The words "efficient", "efficiency", and "faster" appear 16 times in
srfi-77.  Its abstract states:

  Moreover, the R5RS generic arithmetic is difficult to implement as
  efficiently as purely fixnum or purely flonum arithmetic.

"Interpreter-branch" disproves this asserertion as far as interpreters
with immediate fixnums and boxed numbers are concerned.

The section "Recommendations":

  To improve the effectiveness of flow analysis and to improve the
  efficiency of arithmetic, I recommend that the R6RS:

      * add fixnum-specific operations, e.g. fx+

      * add flonum-specific operations, e.g. fl+

      * change the definition of real numbers so that a complex number
	is real if and only if its imaginary part is an exact zero

      * change the interpretation of literals accordingly, e.g. so
	`(imag-part 2.0)' is an exact zero

SRFI-77 talks about efficiency as though it is obvious which practices
will run fast and which won't.  For CPUs performing speculative
execution, such claims are not merely unsubstantiated; they are
probably wrong.  Attention to branch prediction may well eliminate the
speed penalty for arithmetic type dispatch compiling some programs.

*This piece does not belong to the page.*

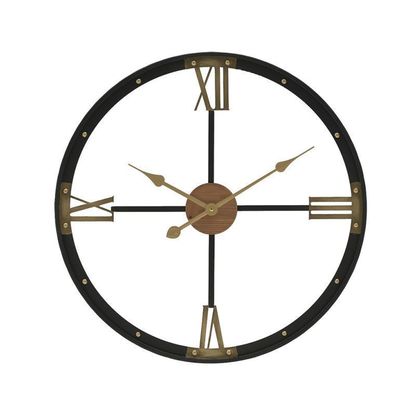 Ρολόι Τοίχου Μεταλλικό -  Ξύλινο Φ60x5cm Inart 3-20-098-0299/ Χρυσό - Φυσικό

 | 3.  The common way of doing things is the best way to do
 | them in Scheme.

Although the words "efficient", "efficiency", and "faster" appear 16
times in SRFI-77, the word "declaration" does not appear.  It is
unreasonable to propose sweeping changes without mention of and
comparison to the relevant precedents.

 | As for assumption 3, type declarations cannot address the
 | portability and predictability issues unless implementations
 | are required to interpret those declarations in a consistent
 | way.

You seem to be making an assumption that complete arithmetic
reproducibility across implementations is desirable to all Scheme
users.  Unpredictability in a program indicates poor numerical
conditioning.  Such programs will behave badly for some inputs or
minor changes.  Having reproducibility across implementations does not
make them less brittle; it only masks the problem until the program is
used or changed by others.  Implementations behaving differently has
been useful in exposing order-of-evaluation dependencies and numerical
conditioning bugs in JACAL, a symbolic mathematics system.

 | Given the expectations created by Common Lisp, many Scheme
 | programmers would make the mistake of thinking that type
 | declarations are for performance, and that interpreters are free to
 | ignore them.  Some implementors might make the same mistakes,
 | especially when you consider that requiring implementations to pay
 | attention to type declarations is likely to make interpreters
 | slower, not faster.
 |
 | By the way, when speed is a goal, the Common Lisp experience
 | suggests that type declarations are often less effective than
 | type-specific operations, mainly because programmers would
 | rather write and read (fx+ (foo x) (baz y)) than
 | (the fixnum (+ (the fixnum (foo x)) (the fixnum (baz y)))).

What about (* (the fixnum (foo x)) (the flonum (baz y)))?